● ACTIVITY
For the records below, copy exactly the span that begins at the line containing "Vintage With Contemporary" and stops after the line containing "Mexican Train Dominoes", minus any pictures.

● ENTRIES SHOWN

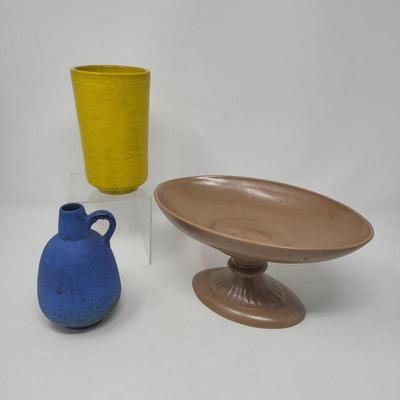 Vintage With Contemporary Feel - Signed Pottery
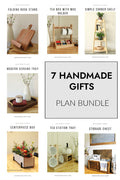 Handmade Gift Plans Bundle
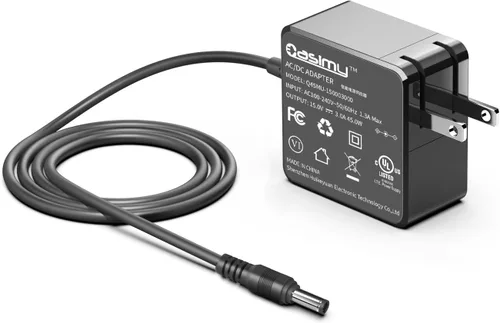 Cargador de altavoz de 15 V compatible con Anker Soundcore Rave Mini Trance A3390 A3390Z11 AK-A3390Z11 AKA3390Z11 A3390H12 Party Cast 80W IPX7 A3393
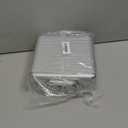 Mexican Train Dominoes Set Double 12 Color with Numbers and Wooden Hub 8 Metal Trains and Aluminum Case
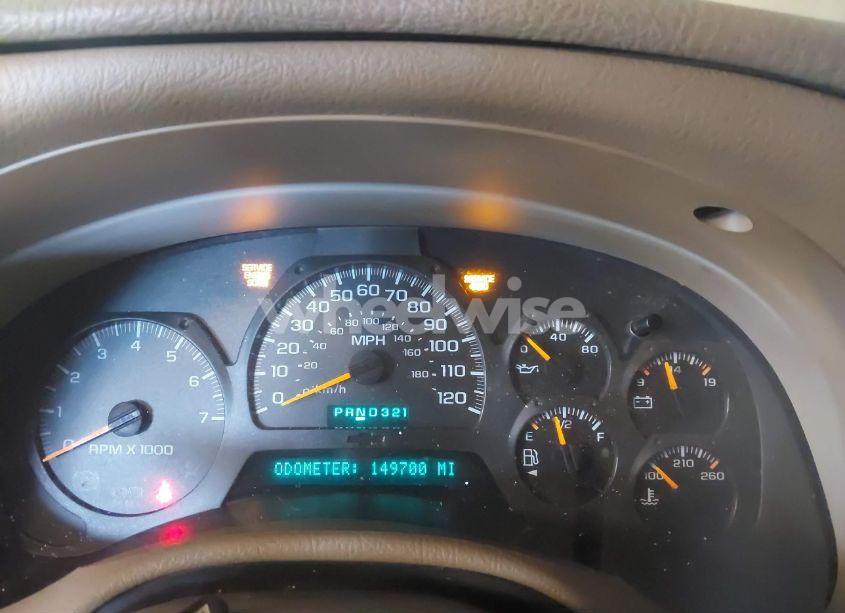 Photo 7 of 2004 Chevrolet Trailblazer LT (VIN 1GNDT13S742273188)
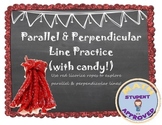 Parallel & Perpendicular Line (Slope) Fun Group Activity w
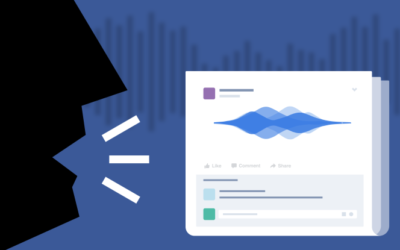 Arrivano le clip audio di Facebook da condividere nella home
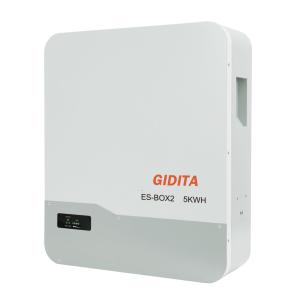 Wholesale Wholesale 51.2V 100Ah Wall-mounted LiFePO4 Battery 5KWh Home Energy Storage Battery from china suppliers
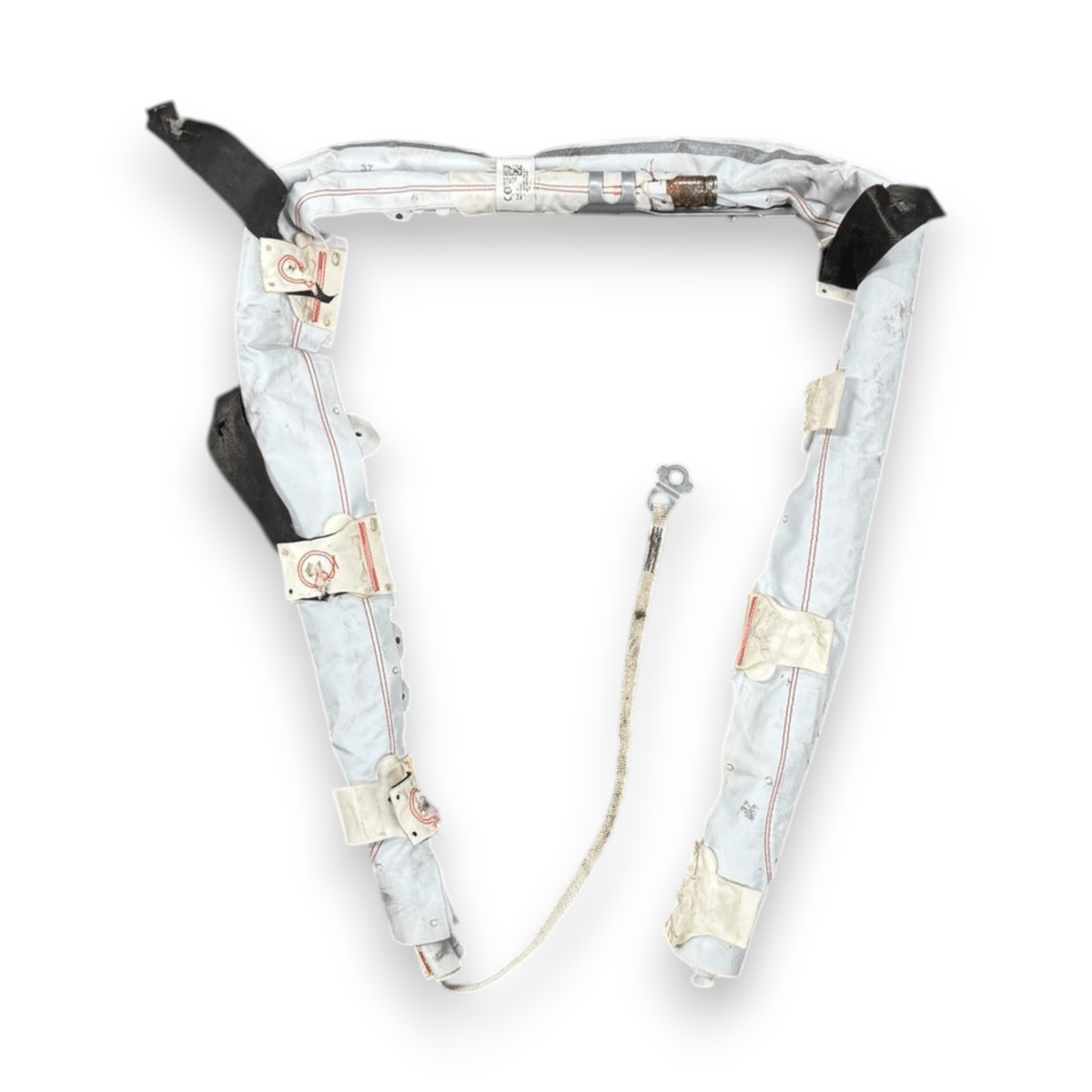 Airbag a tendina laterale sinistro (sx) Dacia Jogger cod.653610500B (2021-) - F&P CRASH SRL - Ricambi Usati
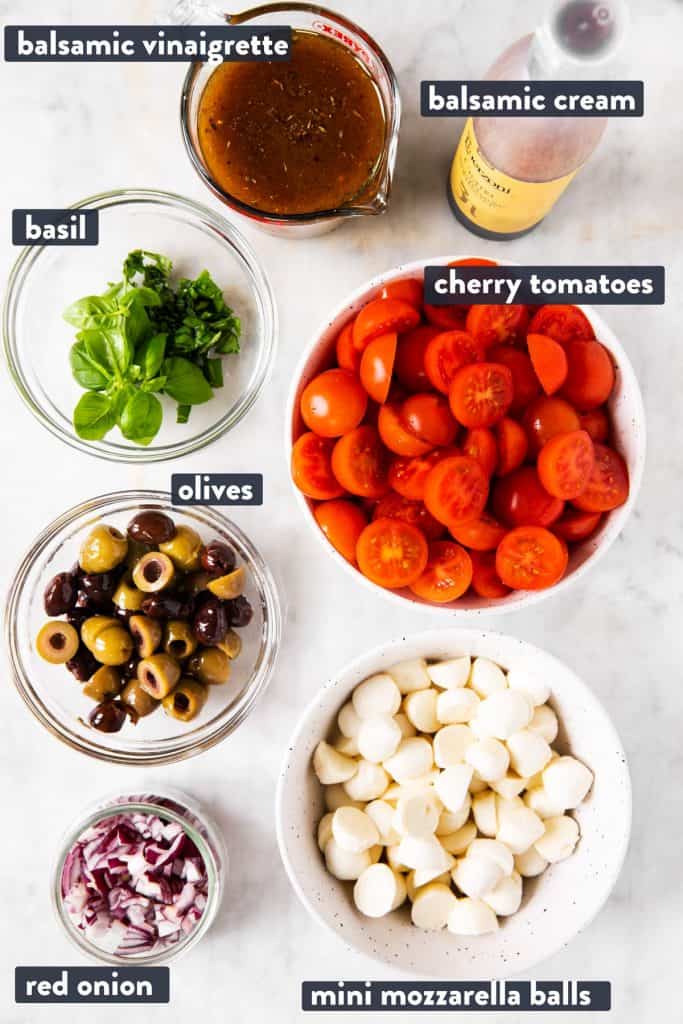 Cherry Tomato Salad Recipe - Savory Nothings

...

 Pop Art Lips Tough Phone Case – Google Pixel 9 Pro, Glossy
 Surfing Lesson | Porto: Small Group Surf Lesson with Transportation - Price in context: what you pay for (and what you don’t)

● OUTPUT FOR THIS TASK
 Vintage With Contemporary Feel - Signed Pottery
 Handmade Gift Plans Bundle
 Cargador de altavoz de 15 V compatible con Anker Soundcore Rave Mini Trance A3390 A3390Z11 AK-A3390Z11 AKA3390Z11 A3390H12 Party Cast 80W IPX7 A3393
 Mexican Train Dominoes Set Double 12 Color with Numbers and Wooden Hub 8 Metal Trains and Aluminum Case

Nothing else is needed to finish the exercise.